A bigger difference is that you’re going to be servicing IT equipment in a specialized area off the data center floor rather than working directly in the racks. You might have to replace an entire chassis and bring the replacement online before taking the original chassis away to replace or upgrade the components, Brown suggests.
“You want to do break-fix in batches,” Barragy agrees. His team will wait until they have four or five systems to work on before starting repairs, often leaving faulty servers offline for days, with failed jobs automatically requeued on other systems. To speed the process up, he recommends having a spare-parts kiosk.
The Trade-Offs
There are relatively few suppliers of liquid-cooled systems to choose from, and until systems based on the upcoming open specification for liquid-cooled racks are on the market, you can’t mix and match vendors. “There is no interoperability,” Lawrence warns. “There are ten or 15 suppliers of immersive cooling and fewer of direct-to-chip [systems], and they tend to partner up with a hardware supplier. That means the ability to just choose the hardware you need is very limited once you're locked into a cooling provider.”
On the other hand, you don’t have to redo complex airflow dynamics calculations or figure out how to spread load across more racks if you want to increase power density. You can just switch from a 20kW to a 40kW tank and keep the same coolant and coolant distribution units.
Returns get somewhat more complicated and best done in batches. “If you’ve got some broken components, you're going to let those drip dry for a couple of days,” Barragy explains. “They'll have an oil film on them, but you’re not going to wind up with a puddle of mineral oil on your hands.” Vendors who design motherboards for use in immersion systems will be comfortable dealing with components coming back in this condition, and CGG is able to process systems that reach end of life through their normal recycling channels.
Creature Comfort
Liquid cooling may mean extra work, but it also makes for a more pleasant working environment Scott Tease, executive director of high-performance computing and Artificial Intelligence at Lenovo’s Data Center Group, says.
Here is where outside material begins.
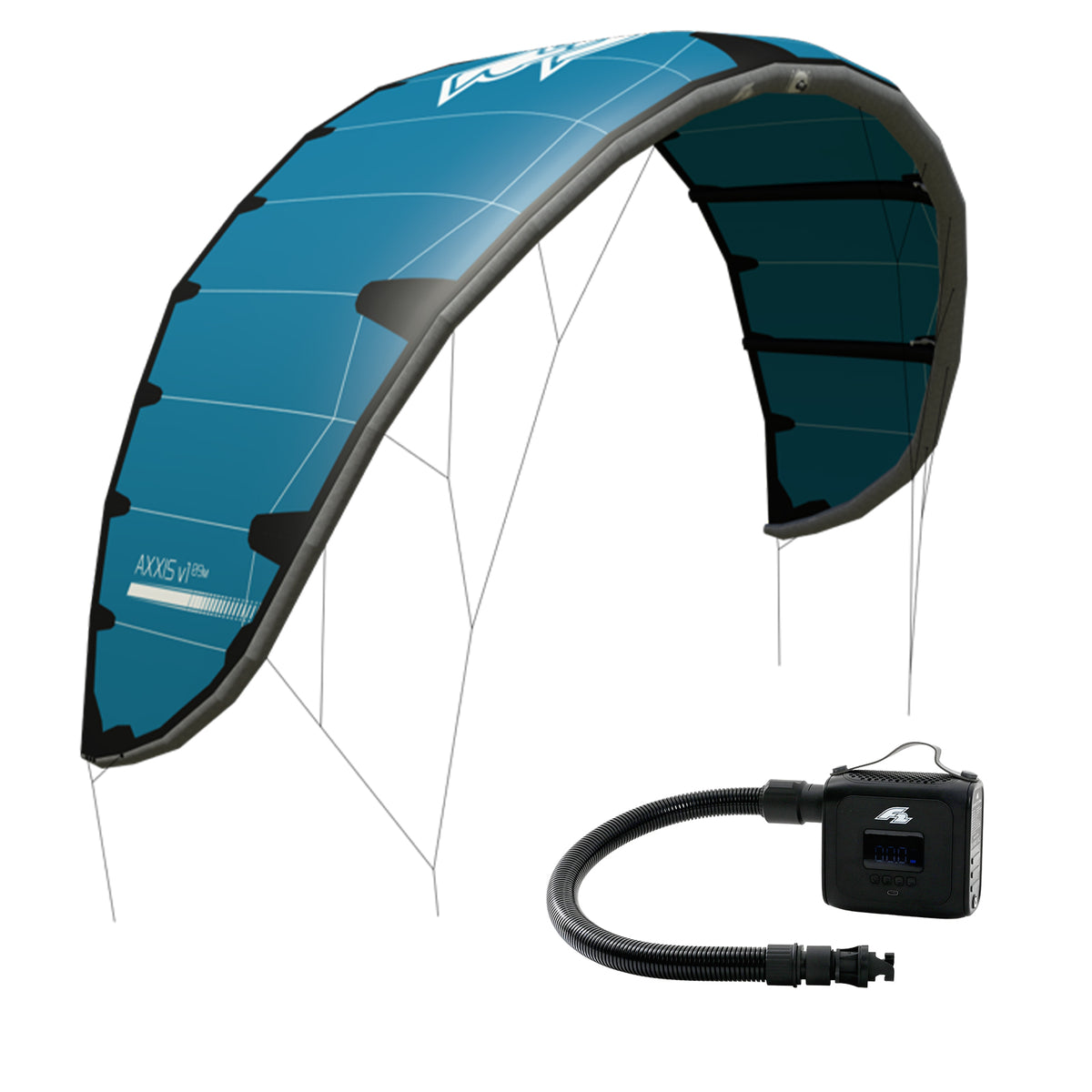 F2 Kite Axxis mit E-Pumpe Zetta - Größe wählbar Blau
Heat is becoming a bigger problem than power in many data centers, with faster processors and accelerators coming in ever-smaller packages.
That means you need more and more air to move inside each server. “The need for more air movement will drive up power consumption inside the server, and will also make air handlers and air conditioning work harder,” he says. Not only will it be hard to deliver enough cubic feet per minute of air, it will also be noisy.
The break-fix and first-level-fix IT staff at CGG now prefer to work in the immersion-cooled data center rather than the company’s other, air-cooled facility, which is state-of-the-art. “Once you learn the techniques so you don’t get the oil all over you, it’s a nicer data center, because it’s quiet and you can talk to people,” Barragy said. “The other data center with the 40mm high-speed fans is awful. It’s in the 80dB range.”
Liquid-cooled data centers also have more comfortable air temperature for the staff working inside. “A lot of work in data centers is done from the rear of the cabinet, where the hot air is exhausted, and those hot aisles can get to significant temperatures that are not very comfortable for people to work in,” Brown says. “The cold aisles get down to pretty cold temperatures, and that's not comfortable either.”